#### WORK TO BE COMPLETED:
For the records that follow, please set down exactly the lines between the one holding "and an intercepti­on." and the one holding "Panoramic view of", inclusive, and only those.

#### DATA LISTING:
========================

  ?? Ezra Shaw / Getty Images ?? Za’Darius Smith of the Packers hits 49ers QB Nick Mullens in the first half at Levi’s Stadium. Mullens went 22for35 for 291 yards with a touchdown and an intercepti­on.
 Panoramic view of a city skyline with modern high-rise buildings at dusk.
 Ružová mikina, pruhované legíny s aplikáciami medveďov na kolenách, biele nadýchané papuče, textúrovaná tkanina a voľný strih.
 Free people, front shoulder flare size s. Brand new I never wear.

========================

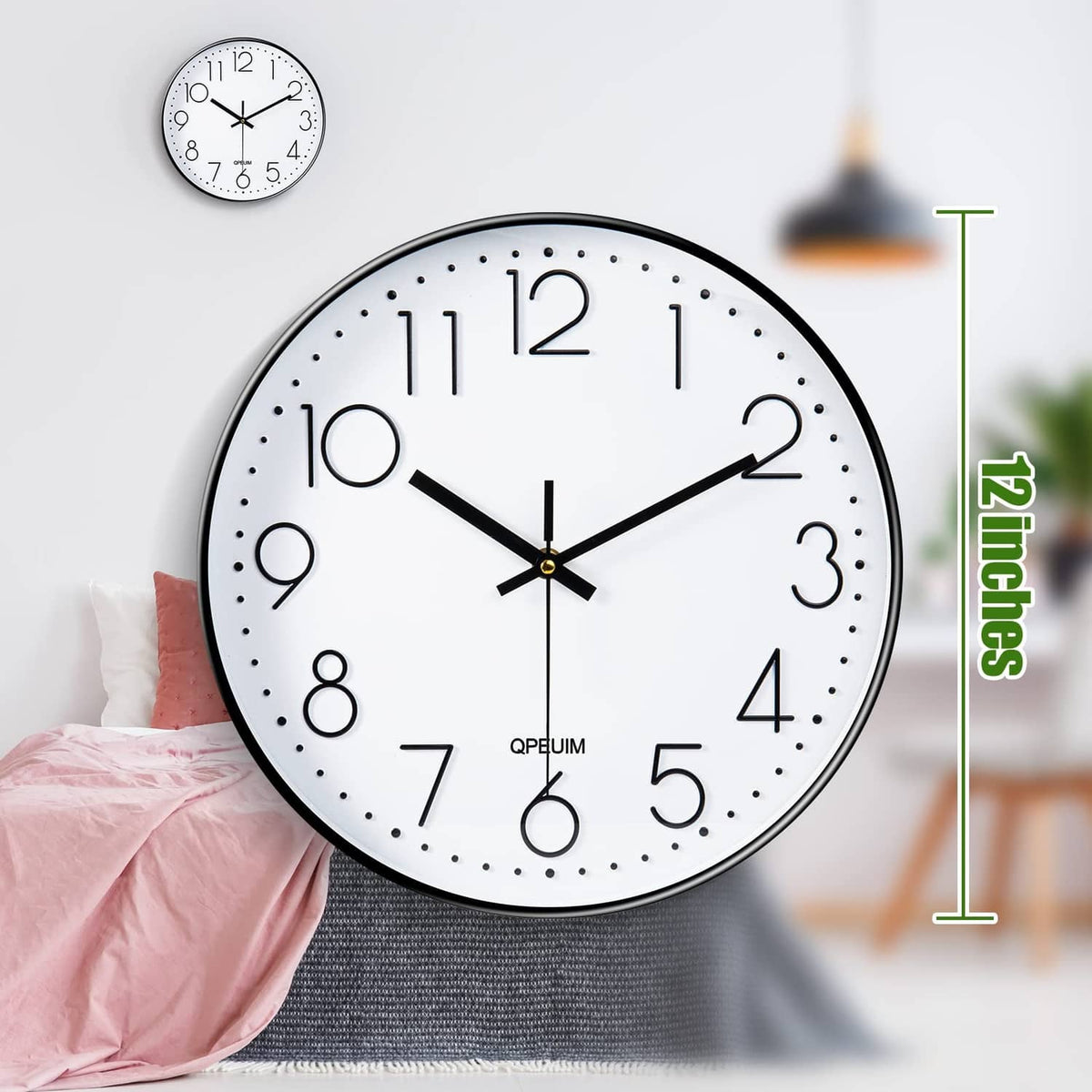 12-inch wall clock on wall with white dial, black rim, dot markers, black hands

========================

#### FINISHED TASK:
  ?? Ezra Shaw / Getty Images ?? Za’Darius Smith of the Packers hits 49ers QB Nick Mullens in the first half at Levi’s Stadium. Mullens went 22for35 for 291 yards with a touchdown and an intercepti­on.
 Panoramic view of a city skyline with modern high-rise buildings at dusk.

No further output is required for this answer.